# Egg yolk question



## Freyadog (Jan 27, 2010)

Found this cheese recipe for Latvian Easter Cheese.

http://cheesemakinghelp.blogspot.com/search/label/Latvian Easter Cheese

It says to boil egg yolks. I have no idea how to do that. any help appreciated.


----------



## Starcreek (Feb 4, 2015)

Freyadog said:


> Found this cheese recipe for Latvian Easter Cheese.
> 
> http://cheesemakinghelp.blogspot.com/search/label/Latvian Easter Cheese
> 
> It says to boil egg yolks. I have no idea how to do that. any help appreciated.


Boil eggs.

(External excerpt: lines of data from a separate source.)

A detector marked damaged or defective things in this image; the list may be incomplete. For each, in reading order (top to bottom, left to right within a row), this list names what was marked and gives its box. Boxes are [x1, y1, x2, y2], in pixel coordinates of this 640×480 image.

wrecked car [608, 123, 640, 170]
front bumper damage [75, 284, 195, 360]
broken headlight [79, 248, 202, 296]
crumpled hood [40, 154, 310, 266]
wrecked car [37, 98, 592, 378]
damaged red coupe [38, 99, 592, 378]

Remove yolks.
The best way to boil eggs that are "peelable" -- even farm-fresh yard eggs -- is this way:
Bring a pot of water to a boil. Lower eggs into the water. Watch the clock. Let the eggs BOIL for 15 minutes. Remove eggs and plunge them into ice water. Let them sit there until cool. Remove and let sit until room temperature. They should peel perfectly!

Then, to proceed with your recipe, take a knife and slice all the way around the boiled/peeled egg, removing the cooked white of the egg, leaving the cooked yolk.


----------



## readytogo (Apr 6, 2013)

*Boil egg yolks............*


----------